CAPE CORAL, Fla. — The minute Laura Diachenko hands Jack’s leash to Roger Wieland, they are off on their daily adventure at Cape Coral’s Gulf Coast Village.
“Hi, Jack,” an employee says as the two amble down the hall.
Jack — a miniature Australian shepherd — stops, gets a tap on the head and then he and Wieland are off to their next greeting at the independent living and skilled-nursing facility.
They make a couple of more visits before Wieland, 91, a retired veterinarian, and Jack, 3, enter a sitting Tai Chi class. The man who gave Jack a treat two days before gets the first visit but within a couple of minutes, the pup has gone from resident to resident to say good morning. Not everyone pets him but most do. Whatever their mental condition, the residents feel Jack’s presence and calmness.

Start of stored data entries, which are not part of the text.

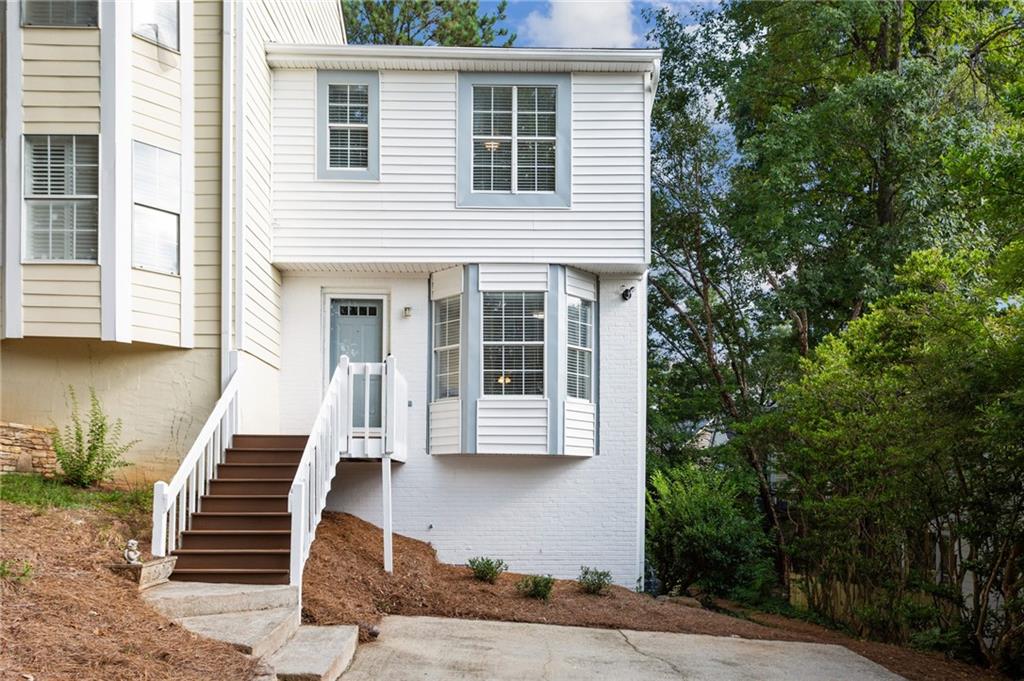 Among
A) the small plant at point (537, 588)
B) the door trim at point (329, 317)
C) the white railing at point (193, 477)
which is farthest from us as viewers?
the door trim at point (329, 317)

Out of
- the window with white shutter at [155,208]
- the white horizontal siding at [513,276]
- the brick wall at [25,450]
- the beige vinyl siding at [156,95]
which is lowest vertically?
the brick wall at [25,450]

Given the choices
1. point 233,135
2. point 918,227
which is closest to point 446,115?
point 233,135

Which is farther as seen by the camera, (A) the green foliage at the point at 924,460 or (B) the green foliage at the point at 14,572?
(A) the green foliage at the point at 924,460

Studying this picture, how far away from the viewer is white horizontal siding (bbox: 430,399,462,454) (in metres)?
13.8

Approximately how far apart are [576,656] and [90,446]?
537cm

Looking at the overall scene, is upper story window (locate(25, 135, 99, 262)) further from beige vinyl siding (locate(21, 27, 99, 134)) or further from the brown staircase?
the brown staircase

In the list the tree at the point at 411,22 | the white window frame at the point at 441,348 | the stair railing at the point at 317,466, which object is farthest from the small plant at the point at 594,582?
the tree at the point at 411,22

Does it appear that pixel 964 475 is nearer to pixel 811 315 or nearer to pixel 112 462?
pixel 112 462

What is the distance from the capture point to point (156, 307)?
37.5 feet

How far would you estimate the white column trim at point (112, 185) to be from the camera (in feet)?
36.2

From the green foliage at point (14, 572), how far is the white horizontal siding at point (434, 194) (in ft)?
23.2

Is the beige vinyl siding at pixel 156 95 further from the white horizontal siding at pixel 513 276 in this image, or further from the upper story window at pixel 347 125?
the white horizontal siding at pixel 513 276

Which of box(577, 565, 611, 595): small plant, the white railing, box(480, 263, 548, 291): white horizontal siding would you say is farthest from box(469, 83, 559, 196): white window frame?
box(577, 565, 611, 595): small plant

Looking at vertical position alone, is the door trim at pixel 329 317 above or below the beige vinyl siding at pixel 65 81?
below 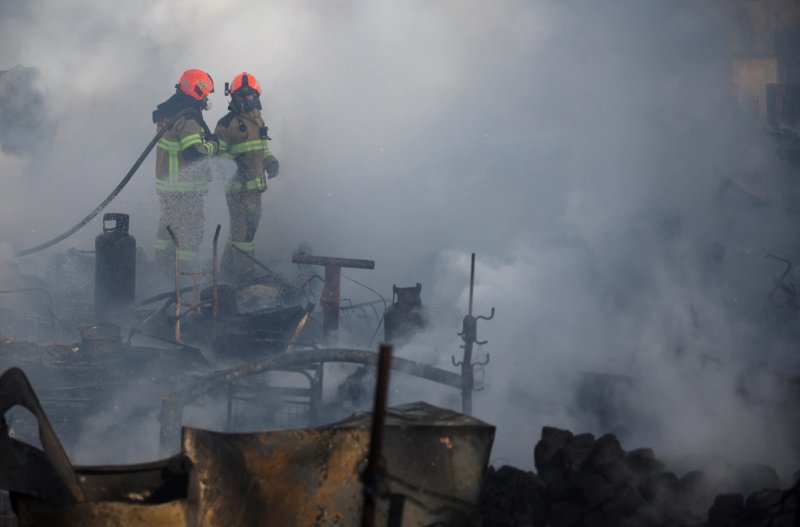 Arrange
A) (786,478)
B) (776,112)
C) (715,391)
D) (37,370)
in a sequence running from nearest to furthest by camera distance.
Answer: (786,478)
(715,391)
(37,370)
(776,112)

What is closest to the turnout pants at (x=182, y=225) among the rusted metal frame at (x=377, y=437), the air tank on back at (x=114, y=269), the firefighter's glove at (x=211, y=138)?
the firefighter's glove at (x=211, y=138)

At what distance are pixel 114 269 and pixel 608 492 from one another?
20.6 ft

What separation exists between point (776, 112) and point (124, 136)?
13180mm

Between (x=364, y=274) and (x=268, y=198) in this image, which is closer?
(x=364, y=274)

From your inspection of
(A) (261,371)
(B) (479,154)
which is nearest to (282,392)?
(A) (261,371)

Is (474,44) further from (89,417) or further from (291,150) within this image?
(89,417)

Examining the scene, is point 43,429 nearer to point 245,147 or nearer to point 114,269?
point 114,269

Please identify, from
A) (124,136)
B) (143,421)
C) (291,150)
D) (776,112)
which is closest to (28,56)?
(124,136)

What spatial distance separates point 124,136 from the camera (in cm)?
1703

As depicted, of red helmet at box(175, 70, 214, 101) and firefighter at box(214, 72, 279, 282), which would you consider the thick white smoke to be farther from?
red helmet at box(175, 70, 214, 101)

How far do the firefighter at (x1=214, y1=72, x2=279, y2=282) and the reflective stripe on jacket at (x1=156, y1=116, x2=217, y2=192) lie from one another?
40 cm

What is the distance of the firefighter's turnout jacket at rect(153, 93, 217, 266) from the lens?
10.2m

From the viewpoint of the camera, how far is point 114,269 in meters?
8.66

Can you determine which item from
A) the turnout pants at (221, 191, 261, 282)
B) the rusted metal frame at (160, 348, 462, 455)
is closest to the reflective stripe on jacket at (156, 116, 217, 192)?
the turnout pants at (221, 191, 261, 282) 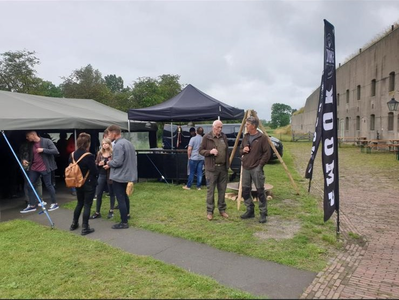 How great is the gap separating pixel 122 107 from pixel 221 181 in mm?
27490

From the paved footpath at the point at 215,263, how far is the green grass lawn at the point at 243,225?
0.63 ft

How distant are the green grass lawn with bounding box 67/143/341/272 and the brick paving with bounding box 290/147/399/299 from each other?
0.76 feet

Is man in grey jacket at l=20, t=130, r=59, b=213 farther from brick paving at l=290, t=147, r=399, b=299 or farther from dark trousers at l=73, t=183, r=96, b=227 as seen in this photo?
brick paving at l=290, t=147, r=399, b=299

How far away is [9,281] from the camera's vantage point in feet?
11.6

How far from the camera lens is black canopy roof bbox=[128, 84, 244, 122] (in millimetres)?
8617

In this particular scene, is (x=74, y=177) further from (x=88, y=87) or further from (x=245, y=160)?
(x=88, y=87)

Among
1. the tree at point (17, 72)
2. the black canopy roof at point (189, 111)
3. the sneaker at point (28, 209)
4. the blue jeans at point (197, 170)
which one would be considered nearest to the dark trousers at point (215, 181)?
the blue jeans at point (197, 170)

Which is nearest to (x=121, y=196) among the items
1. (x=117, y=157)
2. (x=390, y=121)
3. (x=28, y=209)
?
(x=117, y=157)

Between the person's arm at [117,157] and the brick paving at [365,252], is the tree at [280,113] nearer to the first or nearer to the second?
the brick paving at [365,252]

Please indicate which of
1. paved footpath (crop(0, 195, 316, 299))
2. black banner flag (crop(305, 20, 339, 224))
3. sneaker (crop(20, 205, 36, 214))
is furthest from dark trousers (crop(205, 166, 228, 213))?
sneaker (crop(20, 205, 36, 214))

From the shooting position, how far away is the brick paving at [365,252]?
3.30 meters

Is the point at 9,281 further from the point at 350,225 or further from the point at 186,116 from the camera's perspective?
the point at 186,116

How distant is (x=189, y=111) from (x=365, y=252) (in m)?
5.71

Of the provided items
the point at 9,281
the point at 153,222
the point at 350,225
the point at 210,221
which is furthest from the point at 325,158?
the point at 9,281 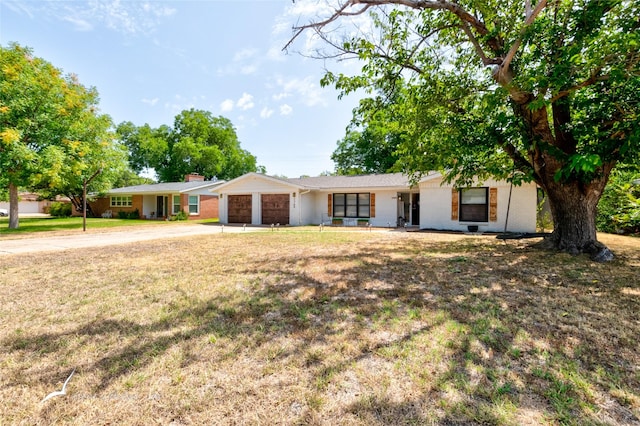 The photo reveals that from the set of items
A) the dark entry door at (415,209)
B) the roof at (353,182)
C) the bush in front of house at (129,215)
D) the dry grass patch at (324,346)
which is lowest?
the dry grass patch at (324,346)

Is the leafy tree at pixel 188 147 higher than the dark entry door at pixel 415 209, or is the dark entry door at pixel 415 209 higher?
the leafy tree at pixel 188 147

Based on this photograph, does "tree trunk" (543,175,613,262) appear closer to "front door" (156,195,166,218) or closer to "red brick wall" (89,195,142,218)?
"front door" (156,195,166,218)

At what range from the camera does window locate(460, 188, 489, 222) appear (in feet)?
47.5

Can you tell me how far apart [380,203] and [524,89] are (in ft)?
38.9

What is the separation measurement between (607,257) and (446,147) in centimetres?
450

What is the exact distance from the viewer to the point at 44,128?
1443 cm

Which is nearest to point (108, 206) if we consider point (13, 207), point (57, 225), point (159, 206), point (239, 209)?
point (159, 206)

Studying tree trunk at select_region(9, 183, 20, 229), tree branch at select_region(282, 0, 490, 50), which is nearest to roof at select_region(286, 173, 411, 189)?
tree branch at select_region(282, 0, 490, 50)

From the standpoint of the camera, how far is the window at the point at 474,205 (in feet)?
47.5

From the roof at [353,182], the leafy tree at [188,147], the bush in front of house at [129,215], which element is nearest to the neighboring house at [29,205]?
the leafy tree at [188,147]

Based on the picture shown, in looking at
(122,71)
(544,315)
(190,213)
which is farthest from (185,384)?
(190,213)

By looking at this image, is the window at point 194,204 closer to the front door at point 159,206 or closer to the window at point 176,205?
the window at point 176,205

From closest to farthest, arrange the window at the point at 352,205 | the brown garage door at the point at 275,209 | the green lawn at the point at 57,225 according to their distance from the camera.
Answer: the green lawn at the point at 57,225
the window at the point at 352,205
the brown garage door at the point at 275,209

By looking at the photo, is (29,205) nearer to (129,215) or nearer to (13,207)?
(129,215) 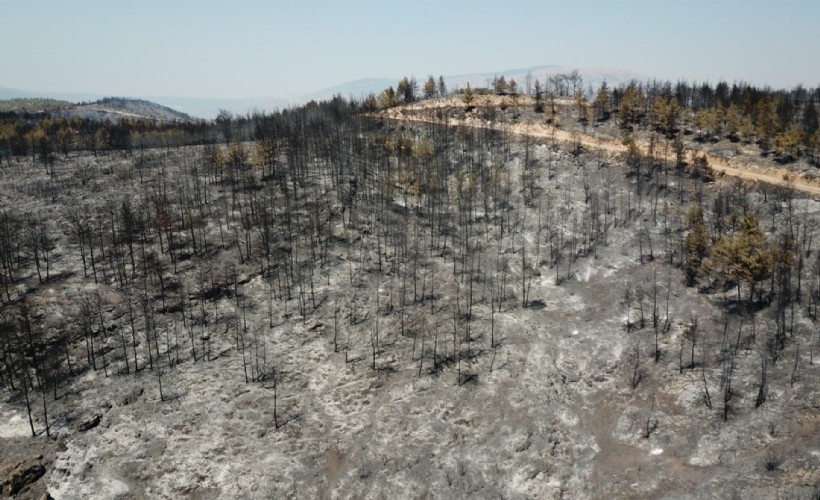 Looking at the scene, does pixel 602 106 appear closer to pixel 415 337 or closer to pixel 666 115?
pixel 666 115

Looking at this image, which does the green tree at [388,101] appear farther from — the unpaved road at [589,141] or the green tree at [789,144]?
the green tree at [789,144]

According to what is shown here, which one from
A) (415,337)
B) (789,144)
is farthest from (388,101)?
(415,337)

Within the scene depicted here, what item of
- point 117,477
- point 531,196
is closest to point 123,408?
point 117,477


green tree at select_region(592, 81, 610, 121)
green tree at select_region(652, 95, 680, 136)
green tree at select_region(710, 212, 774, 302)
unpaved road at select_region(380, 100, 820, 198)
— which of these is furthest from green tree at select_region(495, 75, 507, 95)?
green tree at select_region(710, 212, 774, 302)

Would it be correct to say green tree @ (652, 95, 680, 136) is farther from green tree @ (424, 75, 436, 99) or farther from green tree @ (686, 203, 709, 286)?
green tree @ (424, 75, 436, 99)

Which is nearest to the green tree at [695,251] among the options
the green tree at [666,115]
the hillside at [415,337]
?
the hillside at [415,337]

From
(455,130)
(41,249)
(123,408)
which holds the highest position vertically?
(455,130)

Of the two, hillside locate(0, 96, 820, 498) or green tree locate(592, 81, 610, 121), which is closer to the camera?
hillside locate(0, 96, 820, 498)

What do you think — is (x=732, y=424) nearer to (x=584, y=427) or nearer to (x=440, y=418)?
(x=584, y=427) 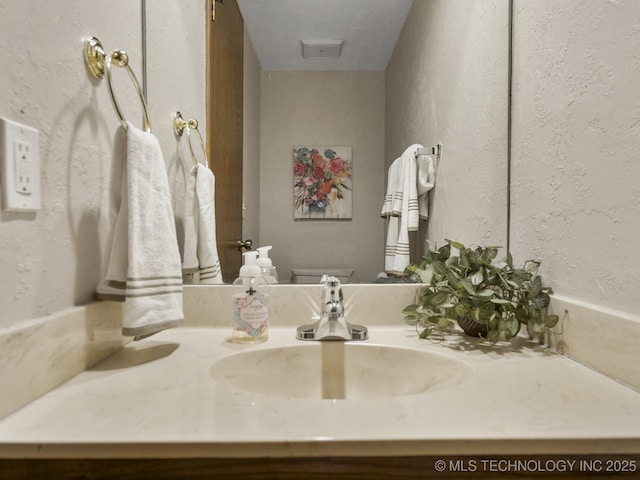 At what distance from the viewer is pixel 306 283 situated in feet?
3.54

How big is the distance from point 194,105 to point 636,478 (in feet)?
3.74

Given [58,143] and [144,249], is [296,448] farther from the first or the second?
[58,143]

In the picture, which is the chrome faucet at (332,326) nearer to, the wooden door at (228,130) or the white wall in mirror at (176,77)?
the wooden door at (228,130)

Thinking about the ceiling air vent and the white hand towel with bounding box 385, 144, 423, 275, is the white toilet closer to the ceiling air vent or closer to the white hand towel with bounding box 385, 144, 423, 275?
the white hand towel with bounding box 385, 144, 423, 275

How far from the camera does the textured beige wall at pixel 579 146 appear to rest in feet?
2.09

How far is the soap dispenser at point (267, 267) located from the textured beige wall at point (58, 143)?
39cm

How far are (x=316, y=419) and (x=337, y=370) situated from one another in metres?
0.38

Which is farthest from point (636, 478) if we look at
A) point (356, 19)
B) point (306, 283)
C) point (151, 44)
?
point (151, 44)

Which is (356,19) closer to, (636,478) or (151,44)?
(151,44)

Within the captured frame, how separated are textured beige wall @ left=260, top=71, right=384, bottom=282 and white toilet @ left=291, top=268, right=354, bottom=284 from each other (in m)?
0.01

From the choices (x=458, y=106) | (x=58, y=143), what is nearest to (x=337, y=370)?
(x=58, y=143)

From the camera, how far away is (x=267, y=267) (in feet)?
3.54

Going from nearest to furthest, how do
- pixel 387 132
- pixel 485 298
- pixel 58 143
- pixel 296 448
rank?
pixel 296 448, pixel 58 143, pixel 485 298, pixel 387 132

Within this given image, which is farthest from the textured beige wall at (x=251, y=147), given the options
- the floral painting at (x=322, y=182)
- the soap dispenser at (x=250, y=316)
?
the soap dispenser at (x=250, y=316)
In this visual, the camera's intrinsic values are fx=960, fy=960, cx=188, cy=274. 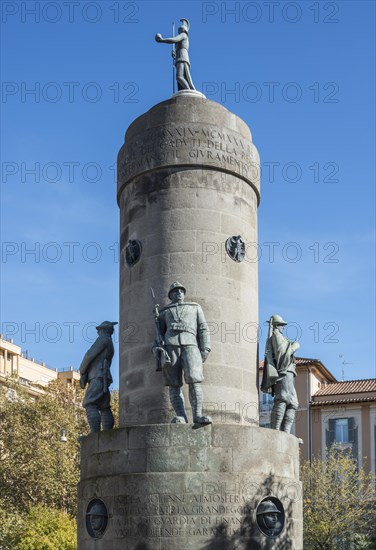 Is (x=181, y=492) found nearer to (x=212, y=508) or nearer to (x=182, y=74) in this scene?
(x=212, y=508)

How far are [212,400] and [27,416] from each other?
2956 centimetres

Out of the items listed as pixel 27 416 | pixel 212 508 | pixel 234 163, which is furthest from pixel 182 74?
pixel 27 416

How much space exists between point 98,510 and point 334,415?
47.5 metres

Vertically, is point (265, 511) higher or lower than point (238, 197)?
lower

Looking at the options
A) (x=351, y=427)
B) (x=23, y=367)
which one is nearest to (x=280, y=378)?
(x=351, y=427)

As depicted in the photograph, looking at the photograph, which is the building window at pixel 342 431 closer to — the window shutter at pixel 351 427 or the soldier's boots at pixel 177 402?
the window shutter at pixel 351 427

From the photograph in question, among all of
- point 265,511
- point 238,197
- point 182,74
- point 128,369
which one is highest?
point 182,74

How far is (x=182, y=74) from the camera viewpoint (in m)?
21.2

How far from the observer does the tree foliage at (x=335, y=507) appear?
143ft

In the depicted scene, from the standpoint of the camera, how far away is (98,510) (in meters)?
17.8

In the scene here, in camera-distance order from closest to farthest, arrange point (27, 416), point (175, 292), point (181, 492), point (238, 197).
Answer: point (181, 492) < point (175, 292) < point (238, 197) < point (27, 416)

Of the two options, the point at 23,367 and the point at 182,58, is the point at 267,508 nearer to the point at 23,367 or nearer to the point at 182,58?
the point at 182,58

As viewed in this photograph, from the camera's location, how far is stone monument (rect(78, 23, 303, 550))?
17094 mm

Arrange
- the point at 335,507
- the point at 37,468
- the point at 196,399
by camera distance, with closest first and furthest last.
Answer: the point at 196,399
the point at 37,468
the point at 335,507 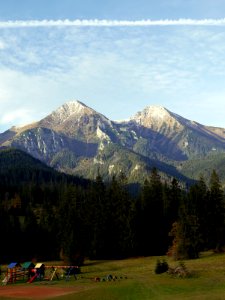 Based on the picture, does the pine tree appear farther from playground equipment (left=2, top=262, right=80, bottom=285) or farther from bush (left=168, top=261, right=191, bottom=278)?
playground equipment (left=2, top=262, right=80, bottom=285)

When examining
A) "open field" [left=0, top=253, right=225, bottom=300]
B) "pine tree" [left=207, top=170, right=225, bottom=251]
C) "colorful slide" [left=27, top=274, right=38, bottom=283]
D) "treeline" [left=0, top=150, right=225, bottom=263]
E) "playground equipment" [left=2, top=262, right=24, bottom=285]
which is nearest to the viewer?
"open field" [left=0, top=253, right=225, bottom=300]

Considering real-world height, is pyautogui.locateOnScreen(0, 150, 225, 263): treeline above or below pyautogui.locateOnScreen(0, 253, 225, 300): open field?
above

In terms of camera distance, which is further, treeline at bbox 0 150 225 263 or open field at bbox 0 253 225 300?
treeline at bbox 0 150 225 263

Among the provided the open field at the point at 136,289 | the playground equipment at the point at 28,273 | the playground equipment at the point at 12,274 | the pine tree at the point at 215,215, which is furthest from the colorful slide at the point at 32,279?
the pine tree at the point at 215,215

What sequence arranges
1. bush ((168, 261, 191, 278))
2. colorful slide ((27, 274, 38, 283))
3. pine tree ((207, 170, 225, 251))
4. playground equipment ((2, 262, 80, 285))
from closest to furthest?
bush ((168, 261, 191, 278))
colorful slide ((27, 274, 38, 283))
playground equipment ((2, 262, 80, 285))
pine tree ((207, 170, 225, 251))

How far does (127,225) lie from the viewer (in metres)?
99.2

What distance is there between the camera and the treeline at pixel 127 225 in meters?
87.1

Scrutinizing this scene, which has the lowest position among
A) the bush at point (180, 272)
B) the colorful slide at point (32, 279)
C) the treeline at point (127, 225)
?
→ the colorful slide at point (32, 279)

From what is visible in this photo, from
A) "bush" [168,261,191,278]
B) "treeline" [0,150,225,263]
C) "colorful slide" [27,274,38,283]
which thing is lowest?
"colorful slide" [27,274,38,283]

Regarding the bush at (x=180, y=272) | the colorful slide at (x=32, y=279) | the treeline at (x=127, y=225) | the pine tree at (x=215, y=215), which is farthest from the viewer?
the pine tree at (x=215, y=215)

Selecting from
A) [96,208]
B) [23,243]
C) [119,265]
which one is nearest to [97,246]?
[96,208]

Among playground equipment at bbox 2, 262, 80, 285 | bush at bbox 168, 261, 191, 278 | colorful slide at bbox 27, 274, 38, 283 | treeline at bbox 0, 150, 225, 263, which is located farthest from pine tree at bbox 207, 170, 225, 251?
colorful slide at bbox 27, 274, 38, 283

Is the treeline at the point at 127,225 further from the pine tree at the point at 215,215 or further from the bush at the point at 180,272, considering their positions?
the bush at the point at 180,272

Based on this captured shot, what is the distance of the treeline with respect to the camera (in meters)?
87.1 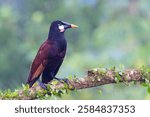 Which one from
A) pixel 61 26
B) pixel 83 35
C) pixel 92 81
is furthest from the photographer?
pixel 83 35

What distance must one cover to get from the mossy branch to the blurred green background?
7973mm

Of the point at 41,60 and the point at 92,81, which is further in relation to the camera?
the point at 41,60

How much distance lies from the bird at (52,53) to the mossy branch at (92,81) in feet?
0.93

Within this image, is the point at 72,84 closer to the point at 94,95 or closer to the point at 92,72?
the point at 92,72

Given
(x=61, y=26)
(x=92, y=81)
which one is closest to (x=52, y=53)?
(x=61, y=26)

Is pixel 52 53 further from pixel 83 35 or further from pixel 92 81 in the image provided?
pixel 83 35

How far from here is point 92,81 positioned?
6762 millimetres

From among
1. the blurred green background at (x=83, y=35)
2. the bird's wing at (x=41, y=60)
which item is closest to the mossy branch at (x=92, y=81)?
the bird's wing at (x=41, y=60)

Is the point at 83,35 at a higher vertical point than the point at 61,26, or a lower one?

Then he goes next to Wieland’s chair, lies down and takes a -— sorry Jack – —cat nap.
“This is connecting,” said a smiling Hilmar Fuchs, the Tai Chi instructor and martial arts master. “Humans and their environment. That’s what makes this so very, very important.”
Dogs not only are a big part of families but for years they’ve been considered great therapy and not just for the elderly. They help college students who are either away from home or stressed as well as those with post traumatic stress disorder or physical or mental handicaps.
“A veteran came in and he would walk in the door, never say ‘Hi’ and walk to where he was supposed to go and not interact,” said Mary Chaffee, a PAWs handler, ambassador and a volunteer. “Now we’re friends on Facebook. He drives himself here and he’s going out in public. He said, ‘I’m excited about doing things again.’“
Chaffee said depressed people who stay in bed will get out to walk the therapy dogs, while children improve their reading skills when a dog is around.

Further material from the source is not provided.